グランプリ受賞者が個展開催の権利を与えられる、35歳以下を対象とした公募展「1_WALL」。その第25回グラフィック「1_WALL」展が、6月28日〜7月23日に銀座のガーディアン・ガーデンで開催される。
グラフィック「1_WALL」展は、ポートフォリオ審査による1次審査と、一対一で審査員と対話をする2次審査を通過したファイナリスト5名が、ひとり1壁面を使って作品を発表するグループ展。ファイナリストによるプレゼンテーションの後、7月14日には公開最終審査会が行われ、審査員による議論を経てグランプリを決定する。グランプリ受賞者には、1年後の個展開催の権利と、個展制作費 30万円が贈呈される。

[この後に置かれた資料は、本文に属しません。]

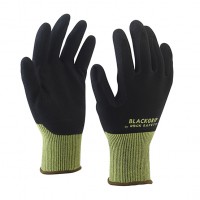 Nylon/spandex assembly glove with foam nitrile coated palm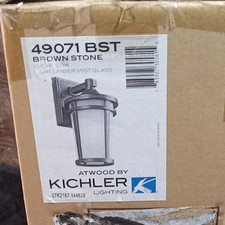 Kichler 49071 Brown Atwood Collection 1-Light 11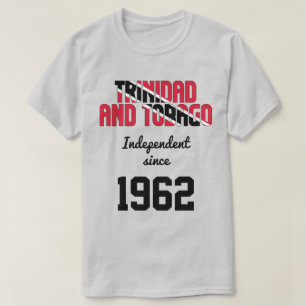 Camiseta Celebração da Independência da Bandeira de Trinida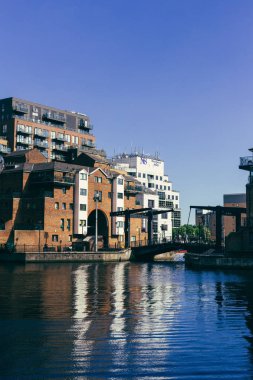 Glengall Köprüsü, Milwall Inner Dock, Isle of Dogs, Londra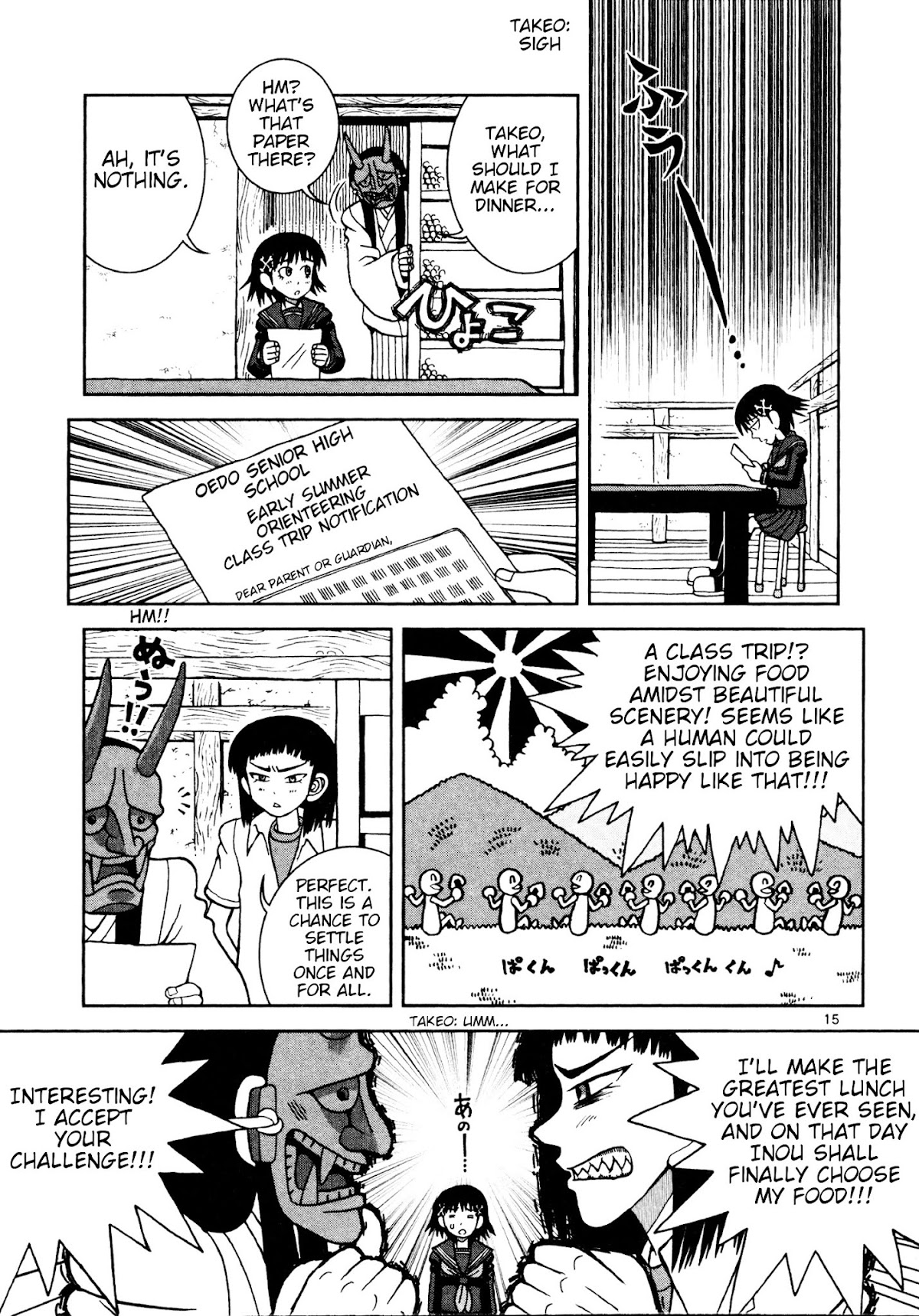 Takeo-chan Bukkairoku Chapter 9 page 15 - Chapter 9 : A Delicious Life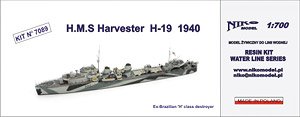 H.M.S Harvester H-19 1940 (Plastic model)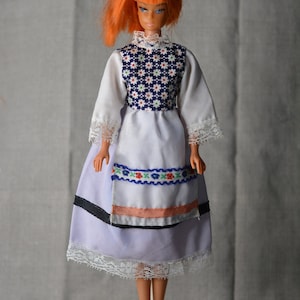 Vintage Francie Klon Oma Prairie Style Kleid mit Schürze, 1960er Jahre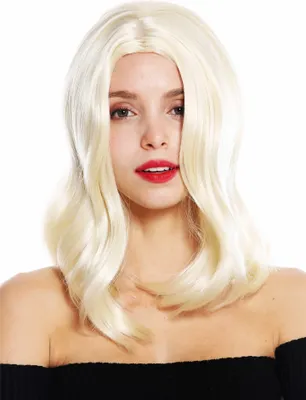 Produktbild von WIG ME UP Perücke mittellang Mittelscheitel Platin Blond GFW2702-613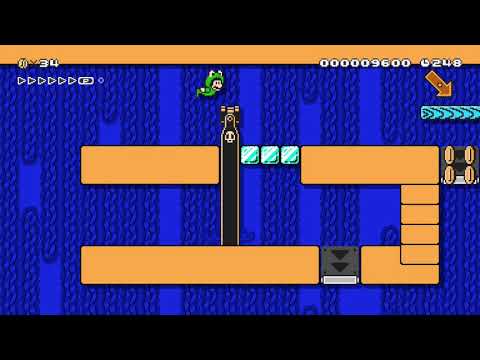 logical thinking sea 26 by Basko 🍄 Super Mario Maker 2 😶 No Commentary　⚿abx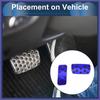 2Pcs Automatic Foot Accelerator Pedal Covers for Subaru Forester 06-18 Blue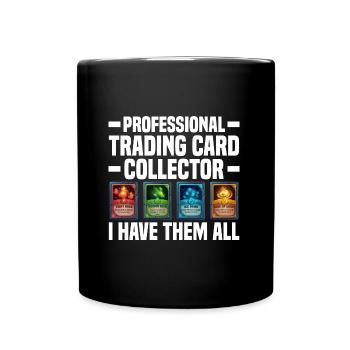 Trading Cards - Tasse einfarbig - Schwarz - Vorne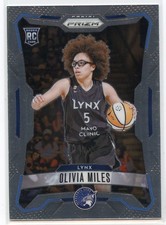 Olivia Miles 2026 Panini Prizm WNBA Base #131 RC Minnesota Lynx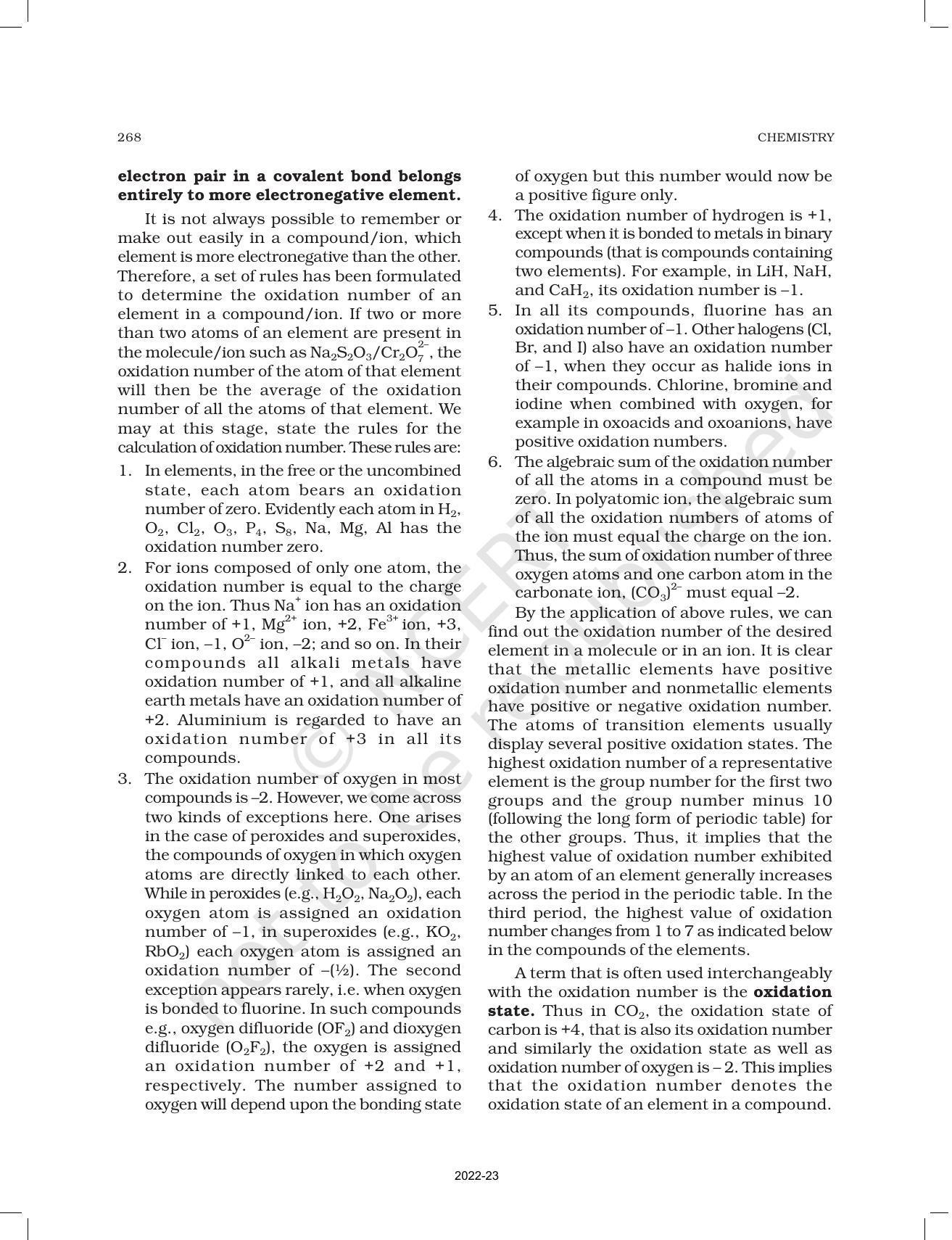 NCERT Book for Class 11 Chemistry Chapter 8 Redox Reactions - Page 6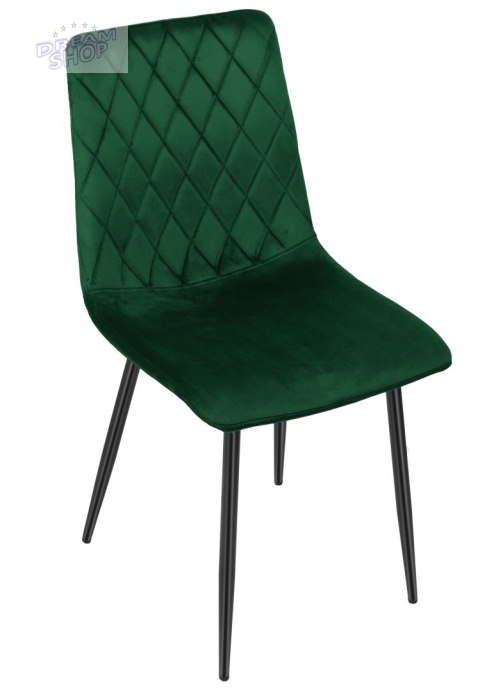 Krzesło aksamitne DEXTER ciemnozielone velvet Krzesło aksamitne DEXTER ciemnozielone velvet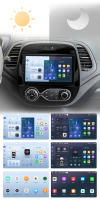 Junsun Radio Coche para Renault Kaptur Captur 2016 2017 2018 2019 AI Voice 2 din Pantalla Coche Android Auto Multimedia Navegación GPS Auto radio - details 7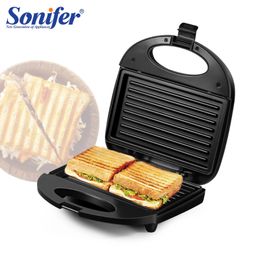 Electric Sand Maker Panini 750W Waffle Maker Cooking Kitchen Appliances Breakfast Waffles Machine Non-stick Iron Pan Sonifer 240228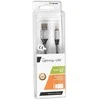 TRACER TRAKBK46268 Cable TRACER USB 2.0 Iphone AM - lightning 1,0m juodas and sidabrinis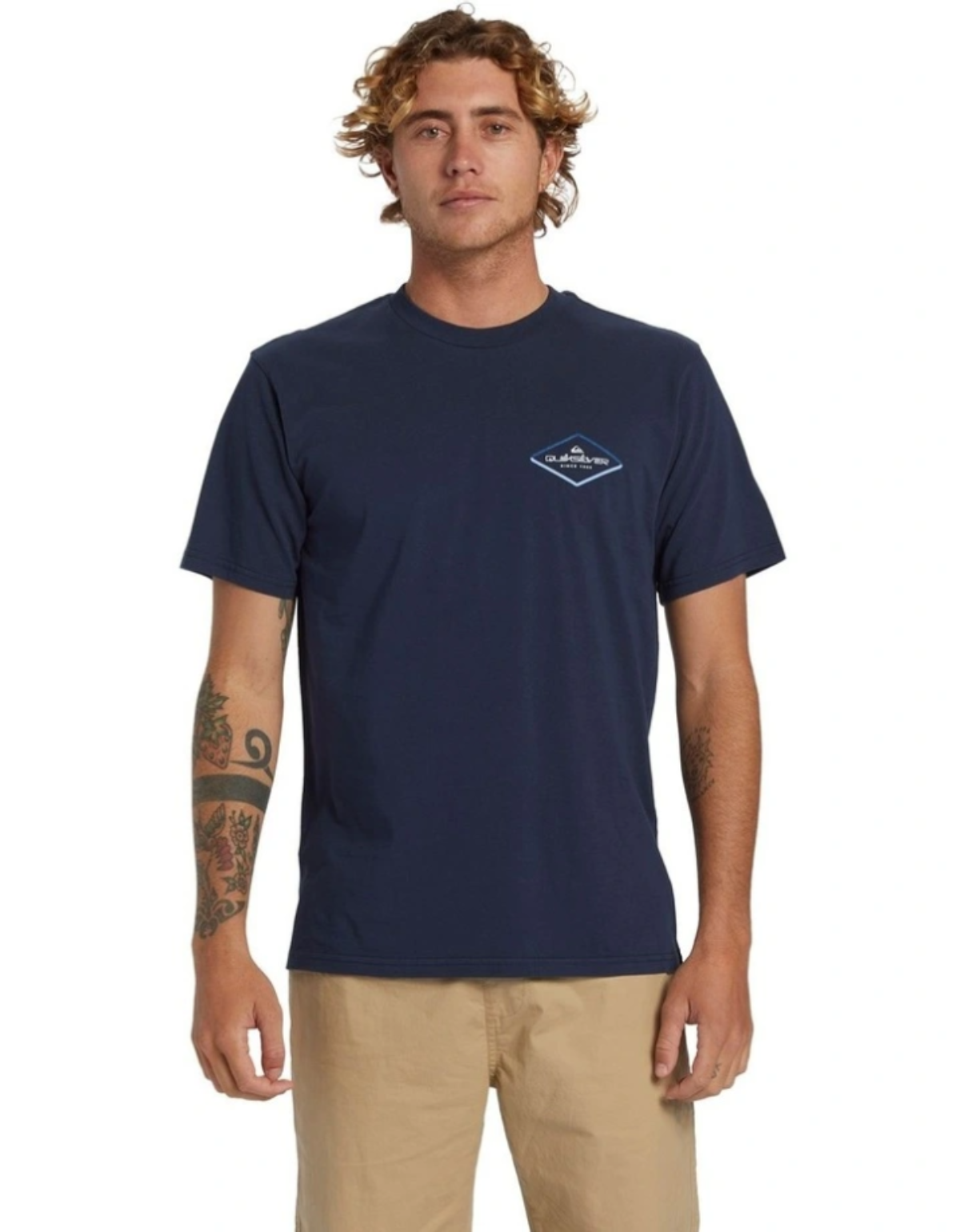 Polera Quiksilver Omni Lock Hombre Azul-0
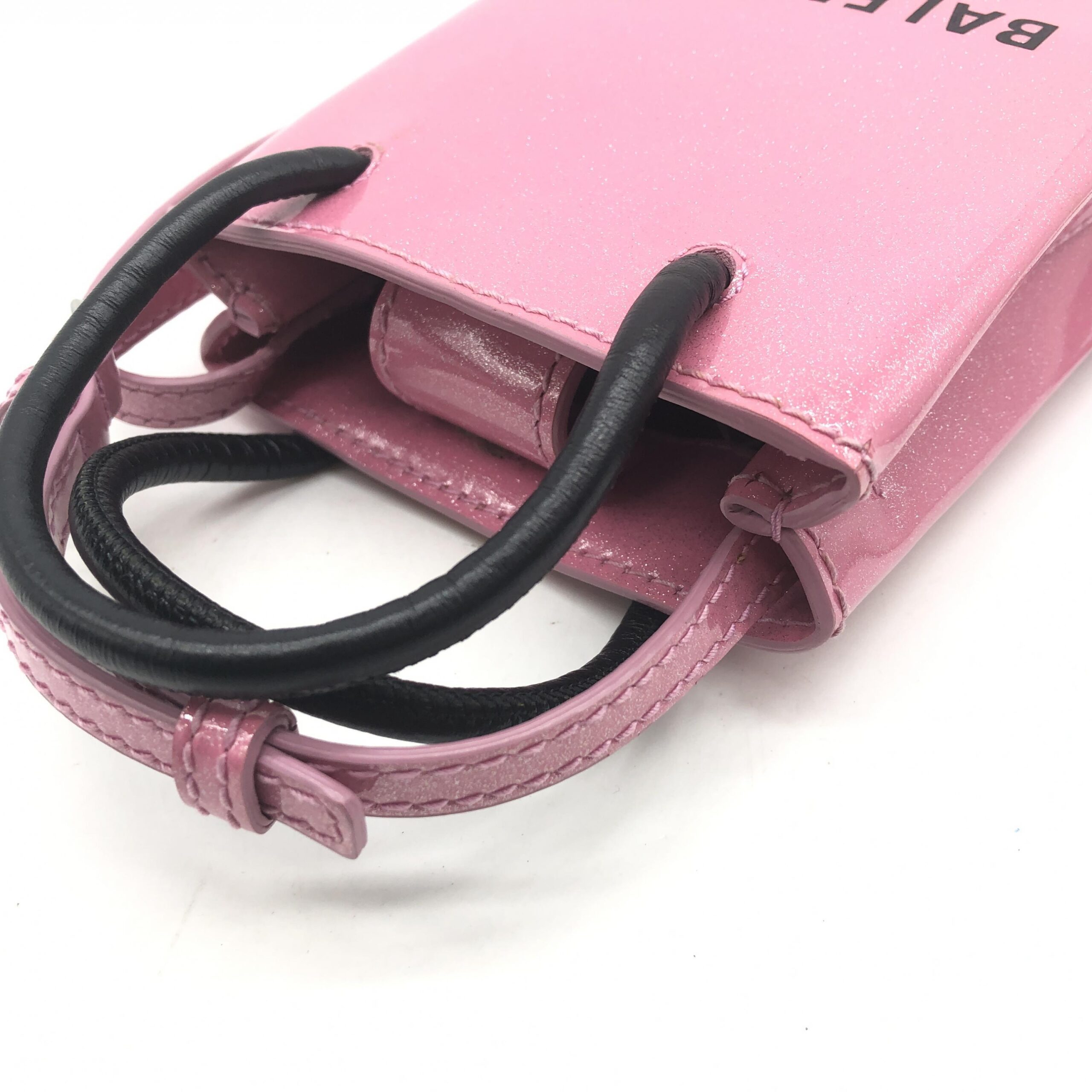 Pink Glitter Shopping Phone Holder Bag - Image 6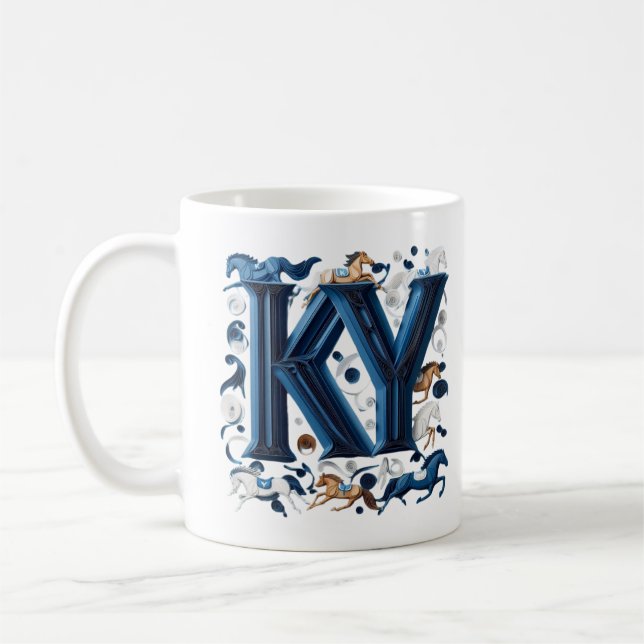 Kentucky Pride: Horse Lover’s Coffee Mug (Left)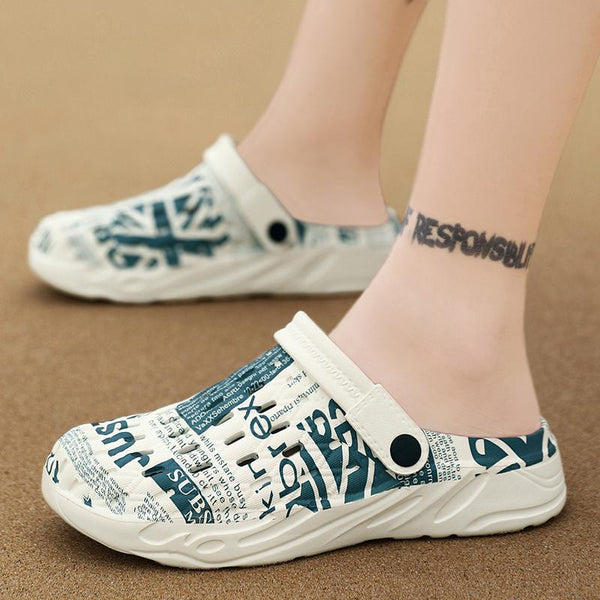 Sandalias Baotou Perforadas para Playa - Hombre y Mujer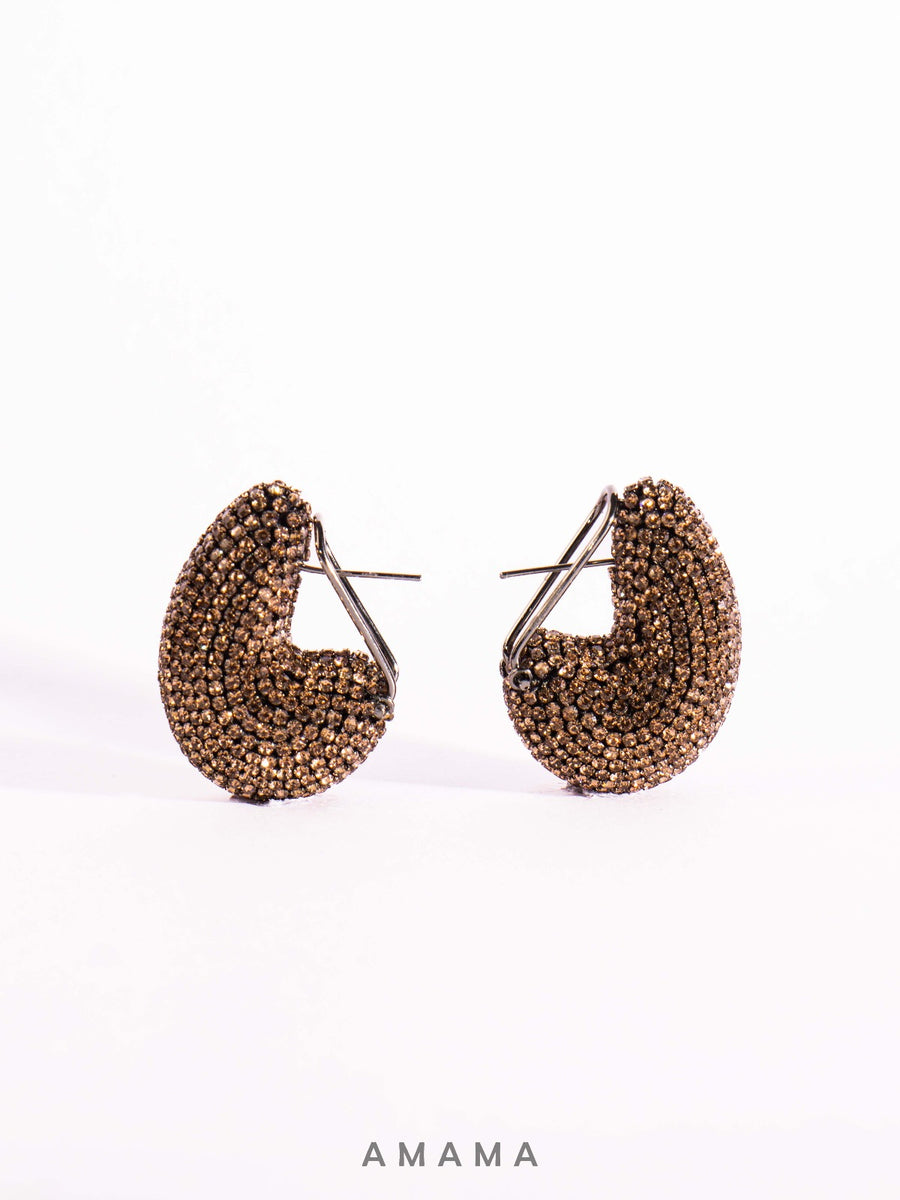 Kaju Earrings In Smoky Diamond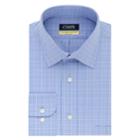 Men's Chaps Regular Fit Comfort Stretch Spread Collar Dress Shirt, Size: 16.5-34/35, Blue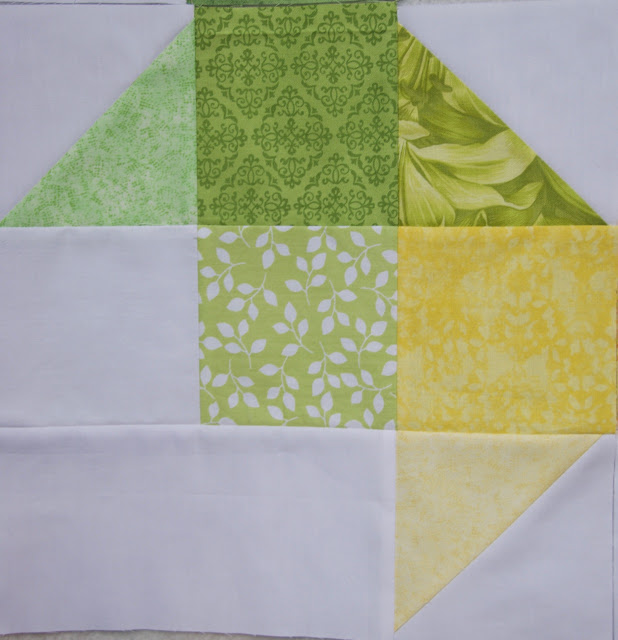 Rainbow rose QAL green corner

今回のグラフィック部門の審査員は、アートディレクター/グラフィックデザイナーの上西祐理、ウェブ・デザイナーの田中良治、イラストレーターの長崎訓子、グラフィックデザイナーの服部一成、編集者の室賀清徳が務めた。
2009年より続いてきた「1_WALL」展だが、グラフィック部門としての開催は本展が最後となる。今後は、フラットでオープンな審査・講評と、個展開催機会の提供という取り組みはそのままに、より幅広い表現に対して支援するコンペティションへ進化する予定となっている。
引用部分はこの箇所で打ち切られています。